§ **MATERIALS PROVIDED**
* * *
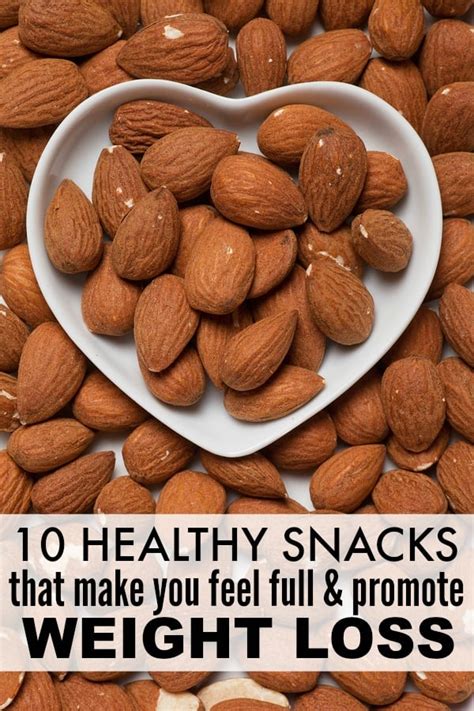 10 healthy, filling snacks that promote weight loss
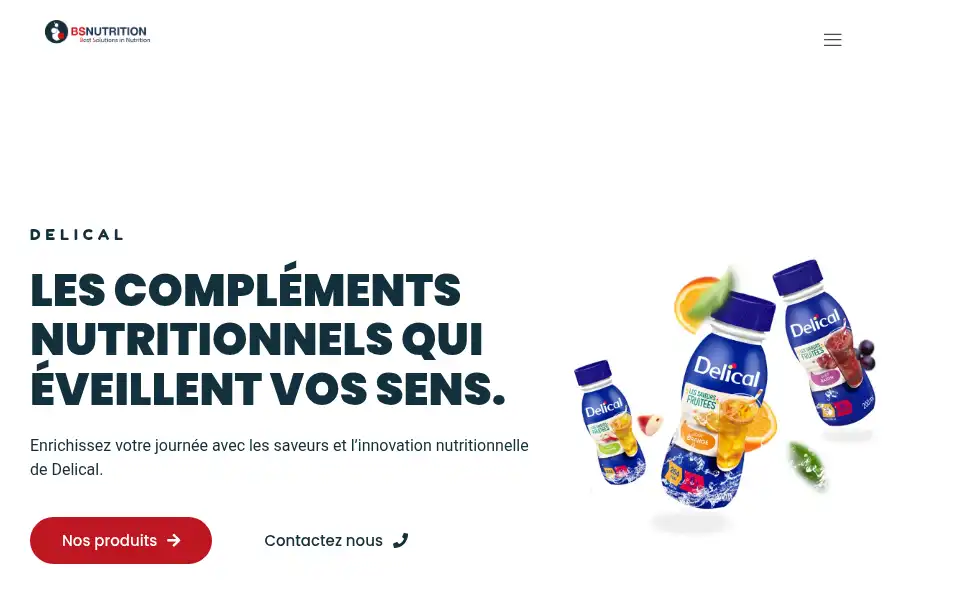 Screenshot of bsnutrition.com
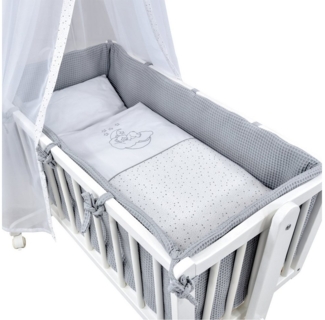 Baby-Delux Babybettwäsche Baby Wiegenset Waffelpique, Textilien, 6 teilig, Wiegenset 6-tlg. für Babywiege 90x40 (ohne Wiege) verschiedene Designs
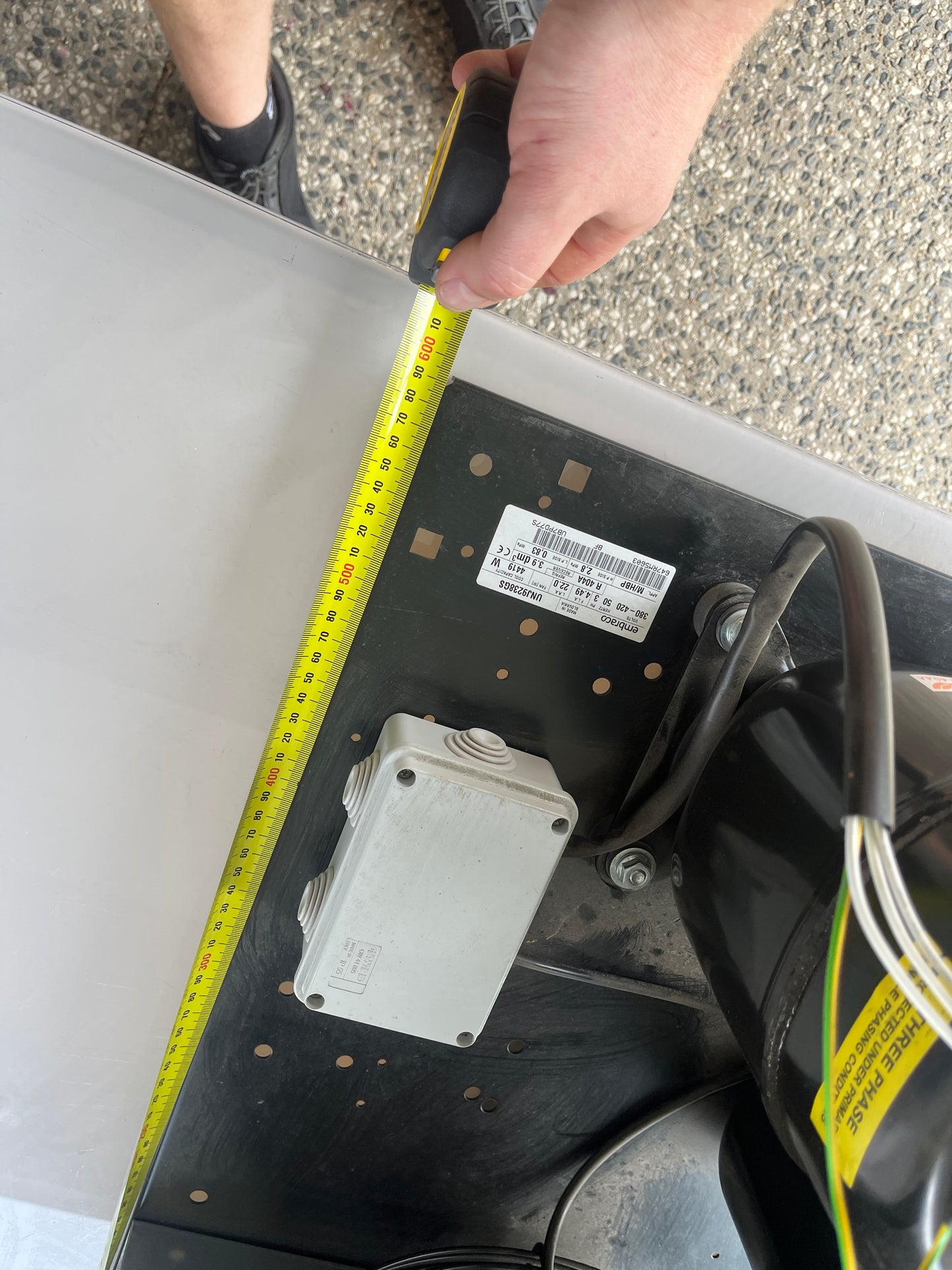 Embraco UNJ9238GS 4.4KW R404A Three Phase Condenser Unit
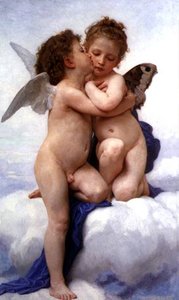 The First Kiss — William-adolphe Bouguereau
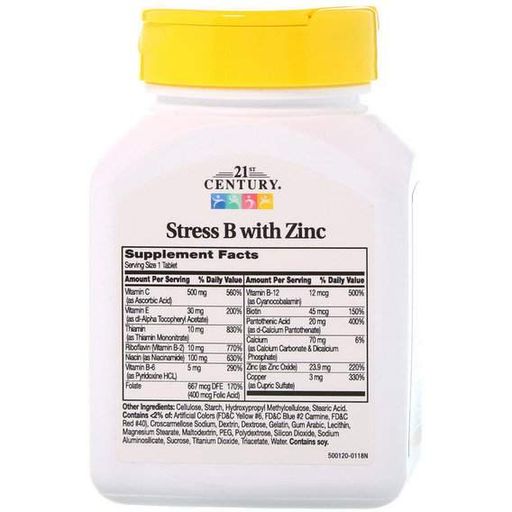 Вітамінно-мінеральний комплекс 21st Century Stress B with Zinc 66 Tabs (866751)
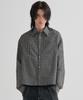 JUAN HOMME Crop Fit Check Shirt (Black)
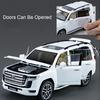 1:24 Модели игрушек Land Cruiser Rav4 Сплав Литой автомобиль Звук Свет Оттягивание Открывающиеся двери Резиновые шины Миниатюрные автомобили Коллекционировать Подарки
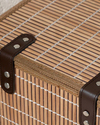 Hardwood Bambu Saklama Kutusu Kahve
* * *
§ **WHAT IS BEING ASKED**
What you return must match, character for character, the lines above from the one with "Screenshot of bsnutrition.com" through the one with "Embraco UNJ9238GS 4.4KW", minus any pictures.

§ **OUTPUT BELOW**
 Screenshot of bsnutrition.com
 Baby-Delux Babybettwäsche Baby Wiegenset Waffelpique, Textilien, 6 teilig, Wiegenset 6-tlg. für Babywiege 90x40 (ohne Wiege) verschiedene Designs
 Embraco UNJ9238GS 4.4KW R404A Three Phase Condenser Unit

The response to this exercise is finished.